---------- The input

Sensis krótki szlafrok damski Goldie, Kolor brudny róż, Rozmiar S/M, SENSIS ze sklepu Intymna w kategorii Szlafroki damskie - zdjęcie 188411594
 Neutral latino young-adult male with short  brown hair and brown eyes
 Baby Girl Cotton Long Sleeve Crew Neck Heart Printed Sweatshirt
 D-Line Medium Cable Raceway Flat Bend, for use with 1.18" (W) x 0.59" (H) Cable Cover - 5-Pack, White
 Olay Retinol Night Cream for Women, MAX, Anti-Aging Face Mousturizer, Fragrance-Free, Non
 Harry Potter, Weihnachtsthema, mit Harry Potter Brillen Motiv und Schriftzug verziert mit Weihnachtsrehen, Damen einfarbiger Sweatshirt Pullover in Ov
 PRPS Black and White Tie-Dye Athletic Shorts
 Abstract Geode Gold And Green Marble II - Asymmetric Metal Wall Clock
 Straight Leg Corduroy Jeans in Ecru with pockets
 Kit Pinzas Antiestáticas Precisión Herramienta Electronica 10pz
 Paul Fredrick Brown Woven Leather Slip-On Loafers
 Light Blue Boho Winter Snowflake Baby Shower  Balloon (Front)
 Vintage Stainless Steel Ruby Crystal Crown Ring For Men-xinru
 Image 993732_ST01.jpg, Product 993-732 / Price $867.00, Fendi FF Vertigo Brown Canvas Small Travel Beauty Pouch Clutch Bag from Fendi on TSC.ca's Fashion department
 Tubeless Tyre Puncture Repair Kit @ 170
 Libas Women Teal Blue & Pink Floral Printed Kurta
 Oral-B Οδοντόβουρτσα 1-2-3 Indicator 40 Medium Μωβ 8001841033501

--------------------

> [Problem to solve] Write the records above out again precisely.

> [Your response]
Sensis krótki szlafrok damski Goldie, Kolor brudny róż, Rozmiar S/M, SENSIS ze sklepu Intymna w kategorii Szlafroki damskie - zdjęcie 188411594
 Neutral latino young-adult male with short  brown hair and brown eyes
 Baby Girl Cotton Long Sleeve Crew Neck Heart Printed Sweatshirt
 D-Line Medium Cable Raceway Flat Bend, for use with 1.18" (W) x 0.59" (H) Cable Cover - 5-Pack, White
 Olay Retinol Night Cream for Women, MAX, Anti-Aging Face Mousturizer, Fragrance-Free, Non
 Harry Potter, Weihnachtsthema, mit Harry Potter Brillen Motiv und Schriftzug verziert mit Weihnachtsrehen, Damen einfarbiger Sweatshirt Pullover in Ov
 PRPS Black and White Tie-Dye Athletic Shorts
 Abstract Geode Gold And Green Marble II - Asymmetric Metal Wall Clock
 Straight Leg Corduroy Jeans in Ecru with pockets
 Kit Pinzas Antiestáticas Precisión Herramienta Electronica 10pz
 Paul Fredrick Brown Woven Leather Slip-On Loafers
 Light Blue Boho Winter Snowflake Baby Shower  Balloon (Front)
 Vintage Stainless Steel Ruby Crystal Crown Ring For Men-xinru
 Image 993732_ST01.jpg, Product 993-732 / Price $867.00, Fendi FF Vertigo Brown Canvas Small Travel Beauty Pouch Clutch Bag from Fendi on TSC.ca's Fashion department
 Tubeless Tyre Puncture Repair Kit @ 170
 Libas Women Teal Blue & Pink Floral Printed Kurta
 Oral-B Οδοντόβουρτσα 1-2-3 Indicator 40 Medium Μωβ 8001841033501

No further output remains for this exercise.